Nicht im Sinne von schlecht, aber noch ganz lustig, weil er eben so schlecht ist. Nein, dieser Film ist Zeitverschwendung, und zwar jede Minute (Sekunde, etc).
Und nun die Urteilsbegründung im Einzelnen:
Die Schauspieler - James Spader gibt das FBI-Wrack, völlig auf Spritzen und Tabletten. Der beste Eindruck, den er machen kann, ist sein optischer. Er sieht aus, als hätte er sechs Tage durchgesoffen und gefixt und dabei jegliche Emotion eingebüßt. Dementsprechend leidenschaftlich ist auch sein Spiel, so emotional wie eine Brotdose und so schwungvoll elegant wie der Kölner Dom. Da stellt sich die Frage, ob er für den Dreh zurechtgemacht wurde, oder ob er tatsächlich ohne Schminke ausgekommen ist. Man entwickelt zu keiner Zeit irgendein Gefühl oder jegliche Identifikation mit dieser Figur und es ist schon eine besondere Leistung, so etwas ganz zu vermeiden. Aber na ja, für die erste Hauptrolle seit langem tut man ja so manches (für den Gehaltsscheck auch.)
Keanu Reeves gibt in der Rolle des Killers den Gegenpart und ist sichtlich überfordert. Oder unterfordert? Wer weiß? Es ist ja bekannt, daß er nicht der ausdrucksvollste Schauspieler ist, aber derart fehlbesetzt war er schon lange nicht mehr. Hin und wieder blitzt in seinen Handlungen eine Marotte auf, die wohl charakteristisch sein soll, aber immer nur lächerlich bzw. lachhaft wirkt. Den gesamten Film über wirkt er so bedrohlich wie mein guter, alter Steiff-Teddybär und macht allen Teppichmilben höllisch Angst. Ist ja klasse, wenn man mal den Bösen spielen darf/will, aber muß dann ein Zwölfjähriger das Drehbuch schreiben?

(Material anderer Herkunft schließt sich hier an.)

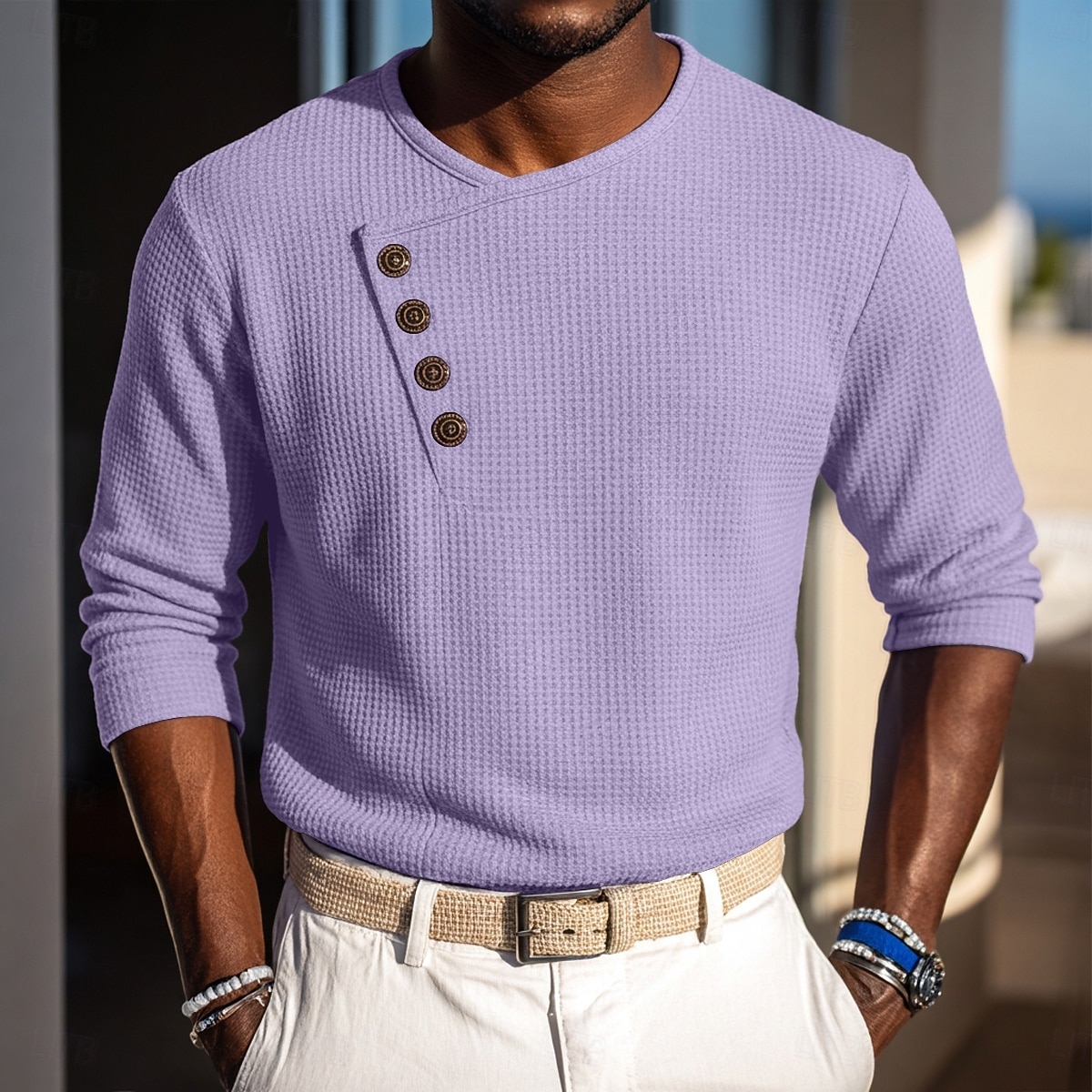 Per uomo Camicia Camicia a nido d'ape Camicia elegante Camicia casual Camicia da Ballo Nero Bianco Blu marino Viola Manica Lunga Tinta unica Semplice Asimmetrico Scollo a V Casuale Matrimonio del 2026 a $29.99 –P8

Vielleicht würgt er sich ja auch nur so orientierungslos durch die Gegend, weil der Regisseur immer die Videos für seine Band DogStar (oder so ähnlich) dreht, und er dem noch einen Gefallen schuldig war.
Marisa Tomei ist ebenfalls komplett fehlbesetzt als Psychiaterin. Falsch geschminkt (sieht sehr teigig aus)und irgendwie zu jung, gibt sie so denkwürdige Sätze von sich wie "Und was denken sie, was das bedeutet?" und schaut dann wieder Spader an, als sei er ein pflegebedürftiges Hundebaby. Zwischen den beiden entwickelt sich nicht die geringste Chemie, nicht mal ein Hauch einer Beziehung und deswegen hätte sie zum Schluß ruhig auch noch draufgehen können.

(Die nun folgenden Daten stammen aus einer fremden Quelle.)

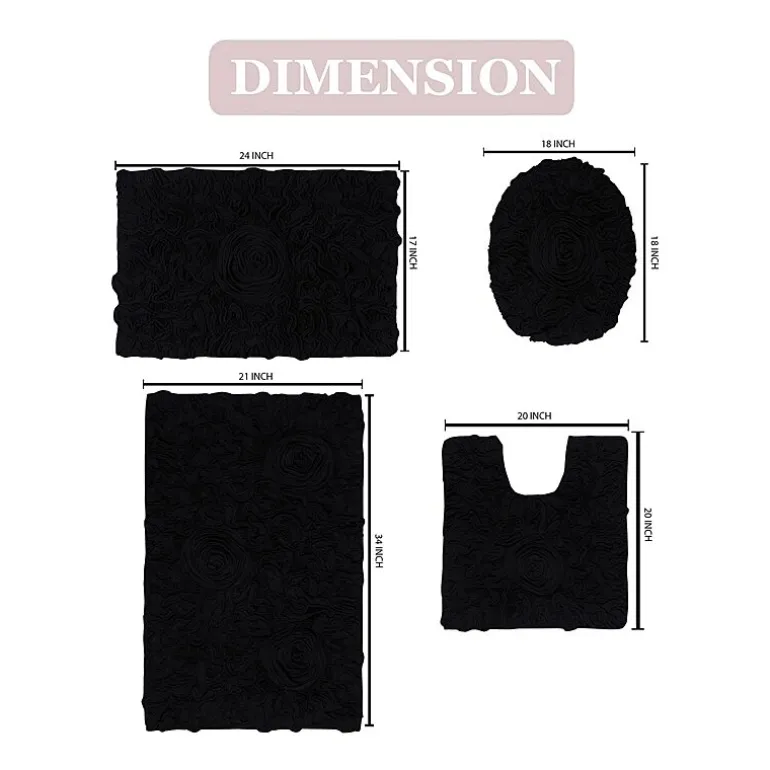 Home Weavers Inc Bellflower 4-pc. Quick Dry Bath Rug Set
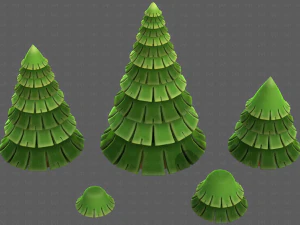 Trees Cartoon V35 3D Model
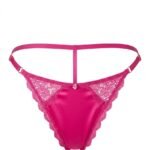 Hilo Victoria’s Secret fucsia satinado con encaje — XL — fantasma frente
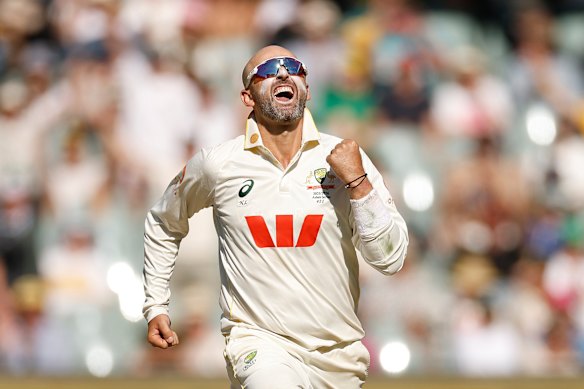 Lyon celebrates Zak Crawley’s wicket.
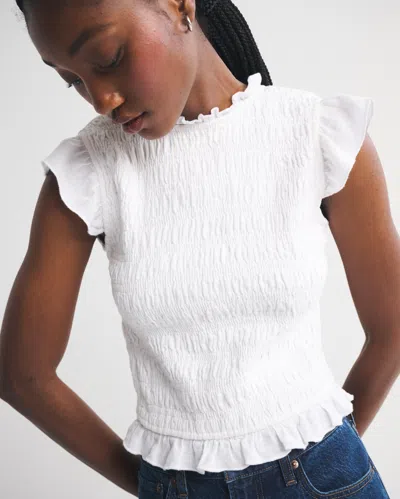 Abercrombie & Fitch Tie-back Smocked Linen-blend Top In White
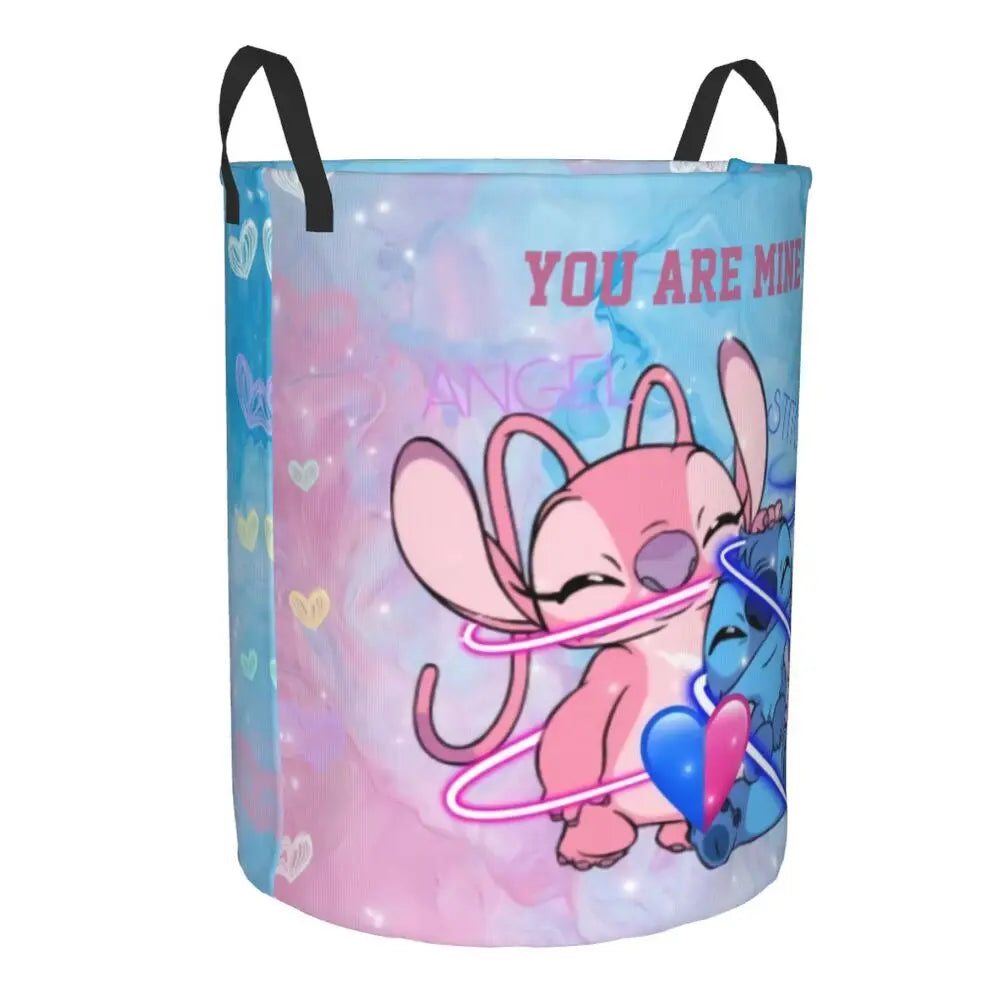 Custom I Love Stitch Laundry Basket Collapsible Toy Clothes Hamper Storage Bin for Kids Nursery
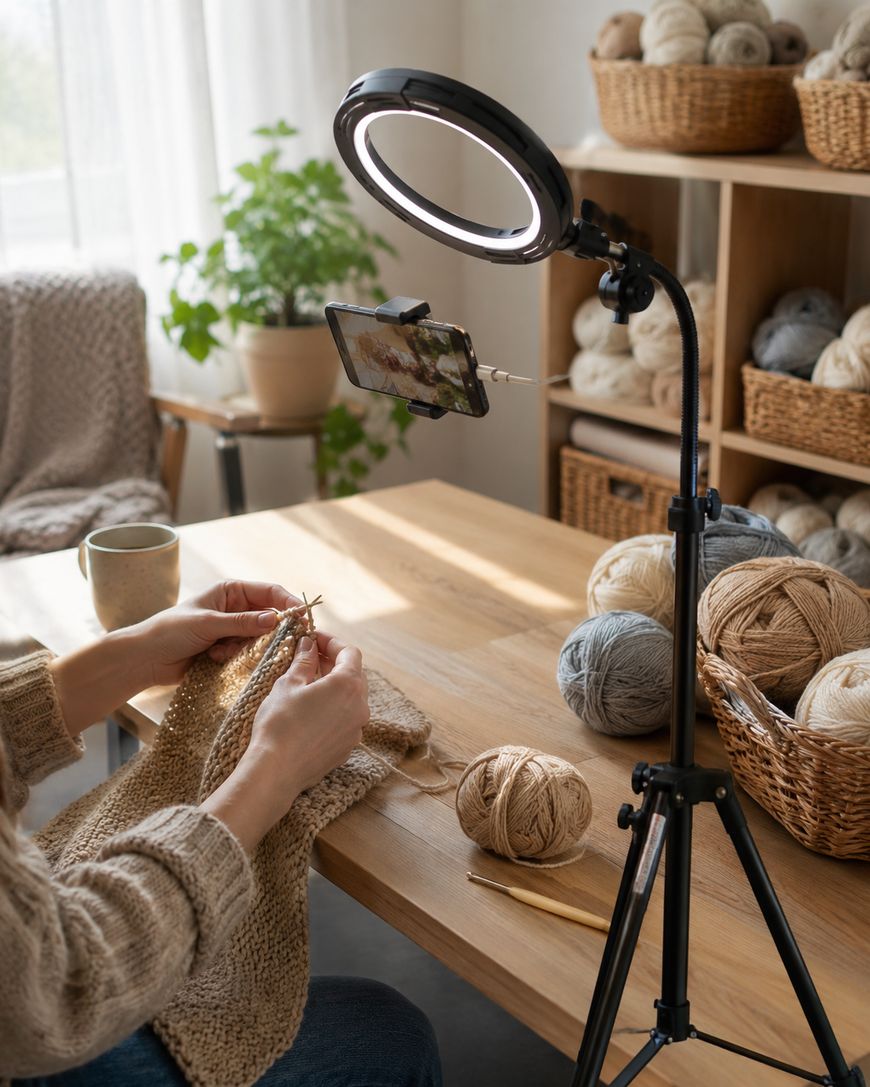 A woman films herself knitting on her phone using a tripod and ring light, with baskets of yarn on shelves behind her.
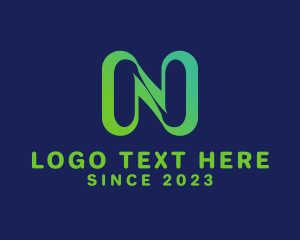 Program - Neon Light Letter N logo design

Ernie Hudson hat tatsächlich gar nichts zu tun als Polizist (hat der Gute ein Abo für diese Rolle?), kann so aber auch nichts falsch machen.

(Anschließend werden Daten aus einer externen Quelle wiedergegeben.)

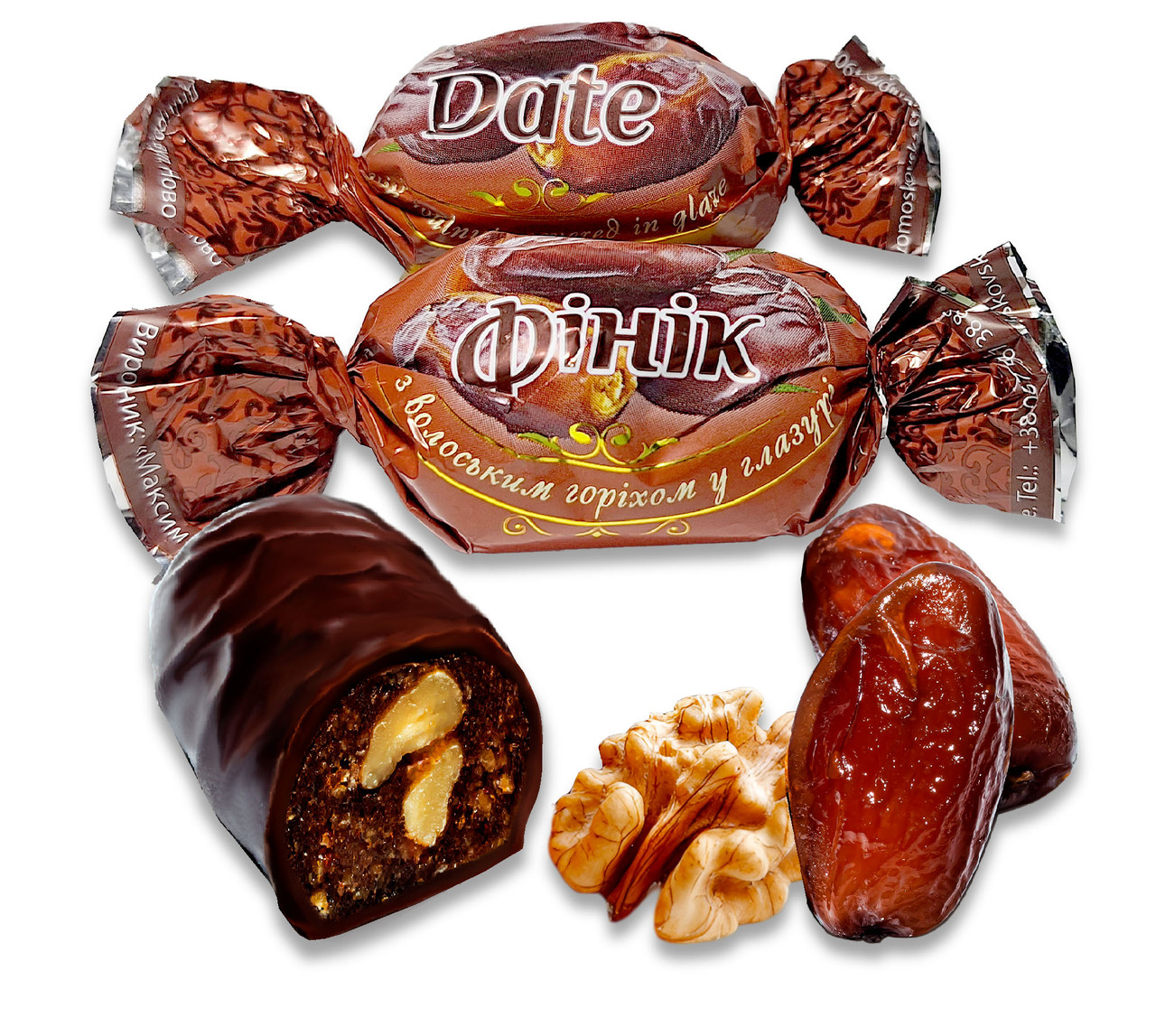Цукерки "Фінік у шоколаді з волоським горіхом", ТМ Amelia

Einzig einige Punkte macht Chris Ellis als Führer der Polizeieinheit, der einige Bonmots dem Geschehen zufügt, aber keine wirklich entscheidende Bedeutung hat. Bei ihm hat man jedoch wenigstens das Gefühl, er würde arbeiten und habe sich auch mit dem Charakter beschäftigt und so kann man sich nur an ihn am nächsten Tag noch einigermaßen erinnern.
Die Figuren und ihre Motivation:
Die Figuren sind tatsächlich so papierflach, wie es sich kein TV-RTL-Weltpremieren-Mittwochabend-Movie je trauen würde, sie auf den Schirm zu bringen. Emotional den Zuschauer total kalt lassend, fehlt Wärme, Mitgefühl und sogar Interesse für sie und den Film total. Man erfährt tatsächlich nie, warum Keanu Reeves so gerne Frauen ermordet, nur daß er ein Soziopath ist(und das stand vermutlich im Lexikon unter Serienkiller). Er benutzt immer eine Klaviersaite. Warum? Keine Ahnung.
Klar, er macht sein Spielchen mit dem Polizisten, aber das kann ja nicht der Ausgangspunkt gewesen sein. Hat Reeves Probleme? Klar hat er die, sonst wäre er kein Killer, aber sonst hat sich offenbar niemand beschäftigt(und tut es dann im Film auch nicht). Polizeiakten zu diesem Fall gibt es hier genug, nur Psychologen und Profiler, die hat man wohl lieber aus dem Fall rausgehalten.
Spaders Agent hat auch keine größere Tiefe, als die, daß seine Freundin bei der Killerjagd in L.A. ums Leben gekommen ist und das mehr durch seine Schuld, als durch die des Killers. Das definiert einen Charakter natürlich vollends, logo. Er räumt seine Wohnung deswegen nicht auf, geht immer nur ins gleiche Restaurant und seine lebenswichtige Migränemedizin ist ganz unten in einer Schublade versteckt, die aussieht wie bei Junkies unterm Bett. Noch Fragen?
Das Drehbuch:
Wie gesagt hat man sich hier wohl nur mit der Ausgangsposition beschäftigt. Sagte der Produzent zum Autor: Beschreiben sie den Film mit einem Satz, ich habe wenig Zeit. Darauf der Autor: Polizist und Serienkiller liefern sich ein Duell um das Leben junger Frauen. Darauf der Produzent: Gut, schreiben sie das. Aber kein Wort mehr!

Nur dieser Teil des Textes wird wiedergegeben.